Dan kedua, waktu itu Islam oleh kebanyakan santri (pesantren) masih difahami sebagai arabisasi. Apapun yang berbau Arab adalah Islam, dan Islam adalah Arab. Selain itu ide-ide yang muncul baru masih dianggap sebagai hal yang tabu dan destruktif, yang sangat jauh dari nilai-nilai Islam. Padahal sejatinya tidak demikian.

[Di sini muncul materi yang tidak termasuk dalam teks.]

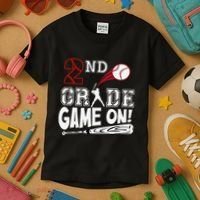 2nd Grade Game On First Day Of School Baseball Second Grade Gift Kids T-Shirt thumb 3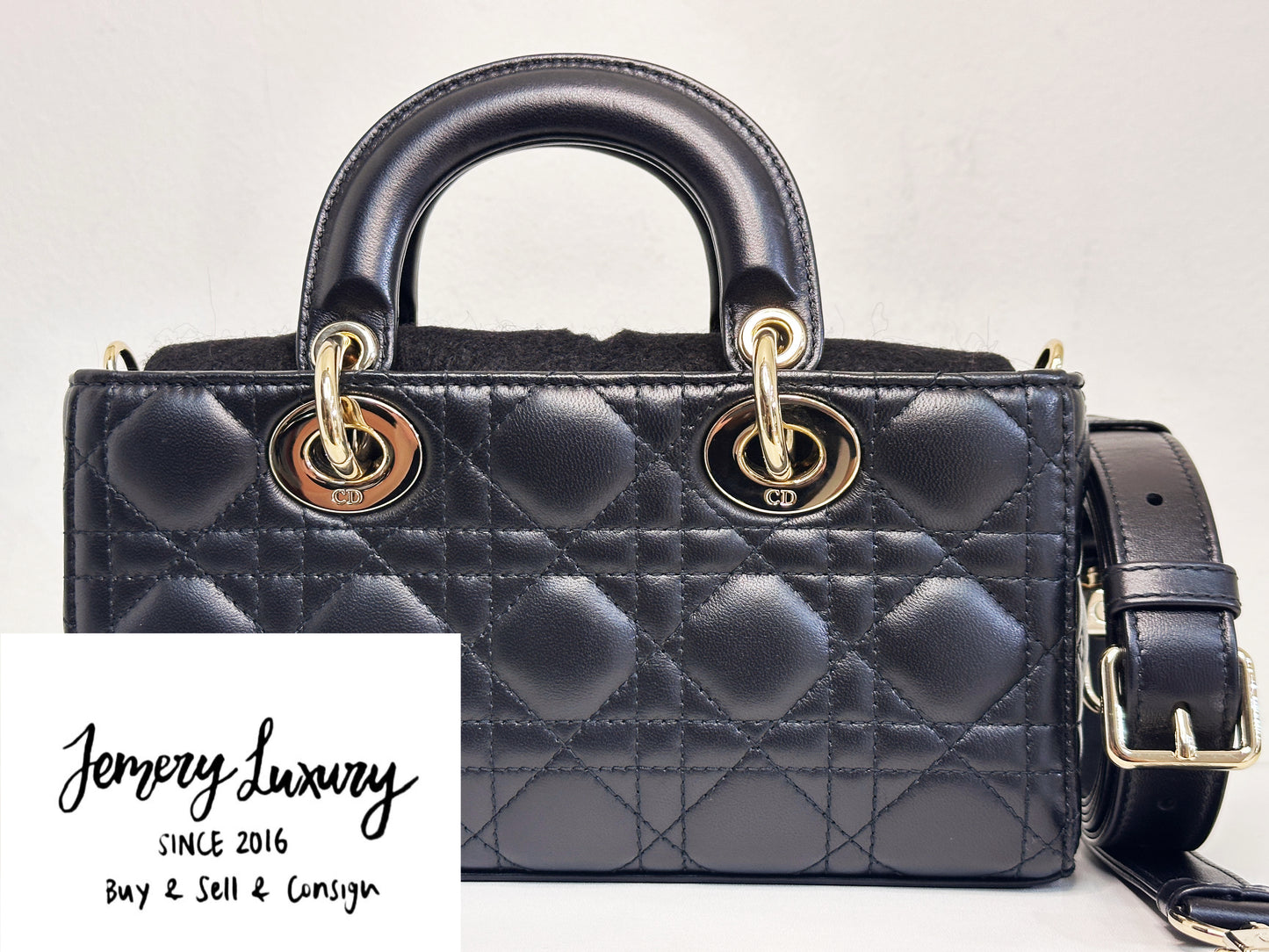 Dior Small Lady D-Joy Bag
Black Cannage Lambskin GHW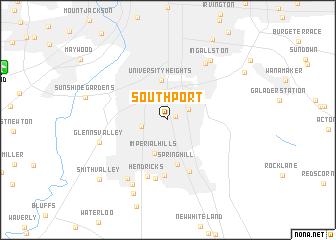 map of Southport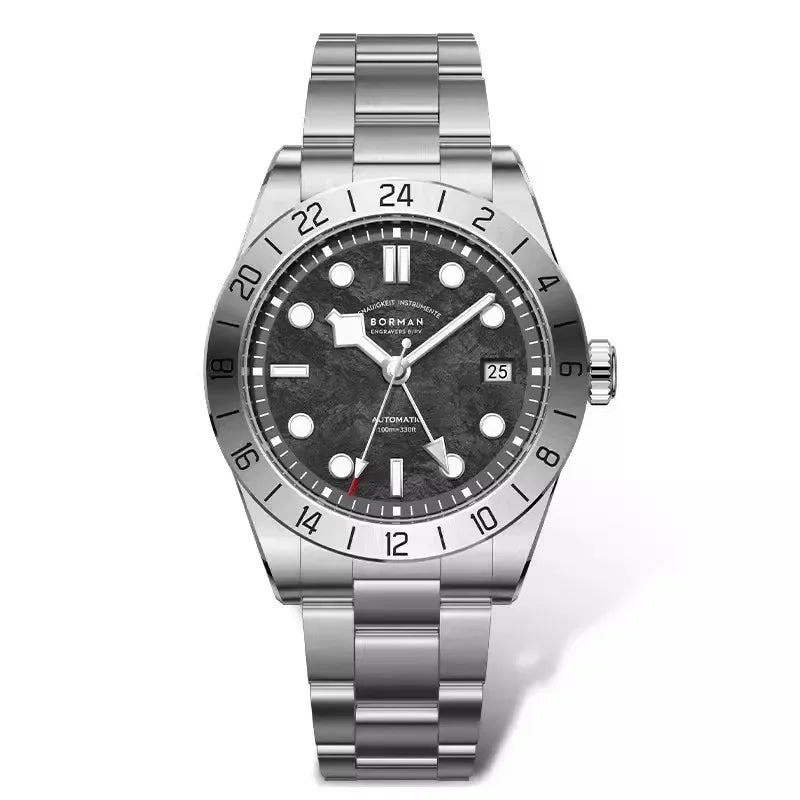 BORMAN GMT Mountain Dial Automatic Watch - Seiko NH34A Movement with Sapphire Crystal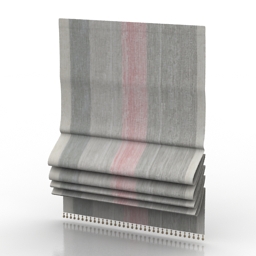 curtain roman 3D Model Preview #0779ca47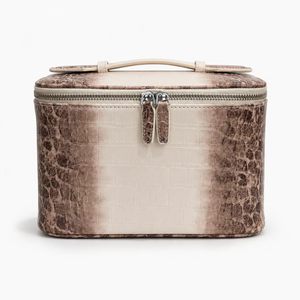Premium PU Leather Women's Bag Gradient-effect Crocodile Texture Top-Handle Tote Bag Stylish <b>Makeup</b> Storage Handbag - Product Image 1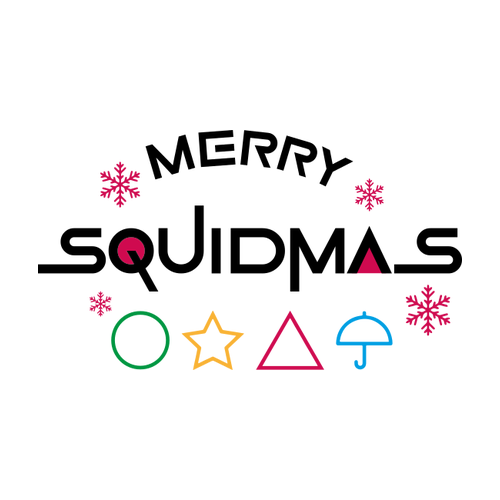 Vianočné tričko Squid Game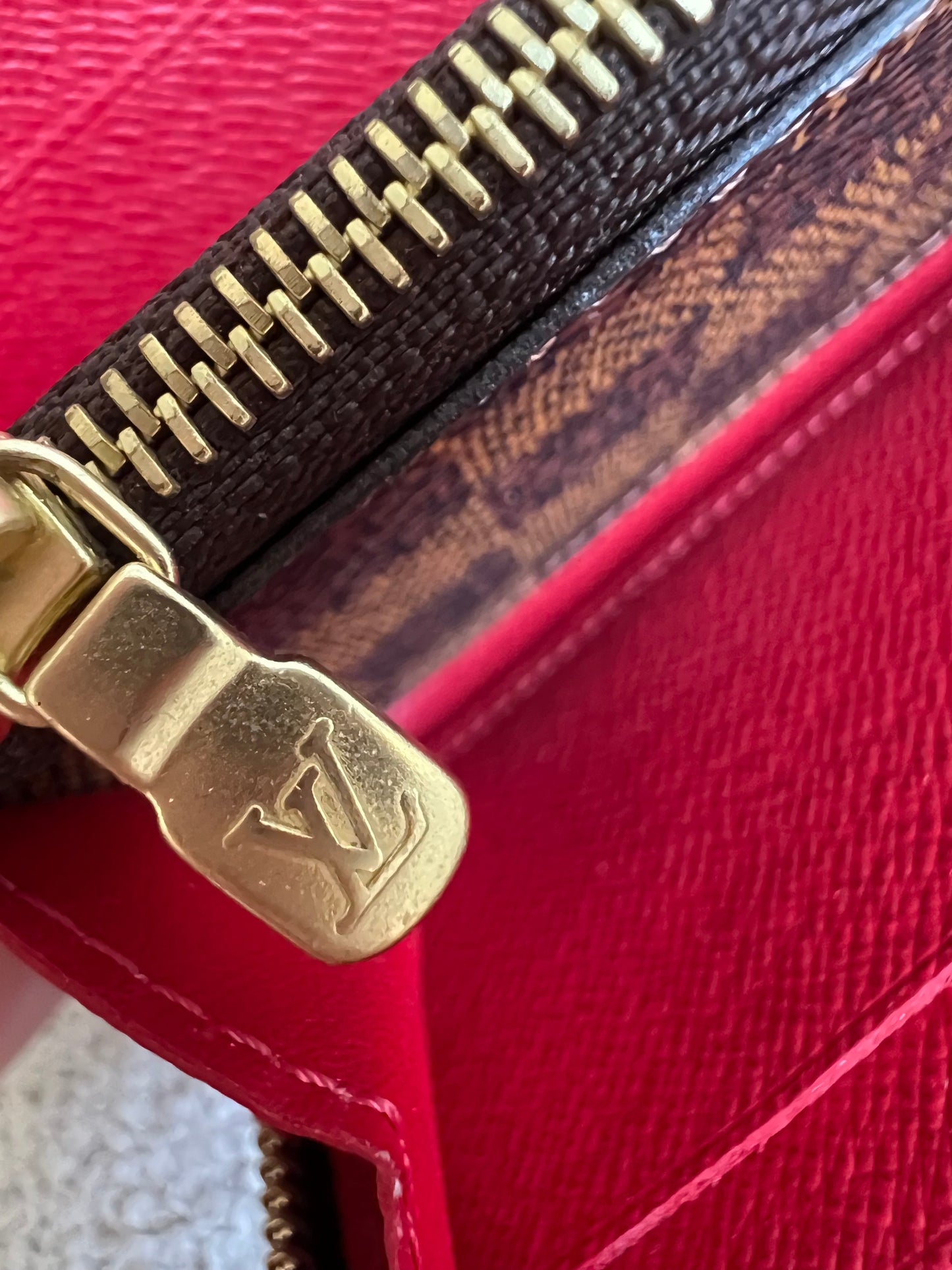 Louis Vuitton Clemence Wallet in Damier Ebene (RRP £450)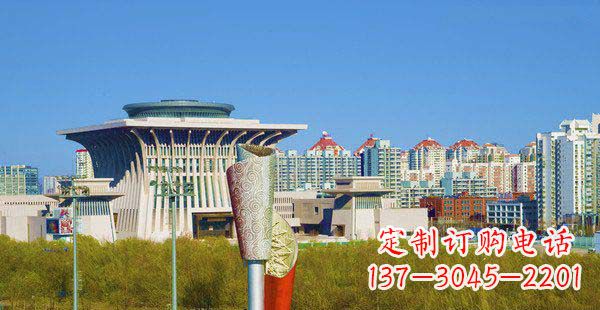 山东高端特色不锈钢抽象火炬雕塑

Sebagaimana diketahui, seperti yang dikatakan oleh Sa’id Aqiel Siradj bahwa epistimologi Islam dibangun atas tiga dasar, bayani (tekstualis) yang lahir dari tradisi Arab, bayani (rasionalis-empiris) yang muncul dari interaksi pemikiran Islam dengan tradisi pemikiran Greko-Romawi, dan irfani (Gnotisisme) yang sudah lama dijalankan oleh tradisi Persia dan menyatu dengan nilai-nilai Islam. Dengan demikian Islam bukanlah Arab, Islam adalah sebuah identitas yang bisa terbentuk oleh tradisi masyarakat di mana Islam itu berkembang. Ada Islam Indonesia, Islam India, Islam China, Islam Eropa, Islam Amerika, dan Islam Timur Tengah (tergantung bagaimana tradisi itu membentuk dan membangun identitasnya).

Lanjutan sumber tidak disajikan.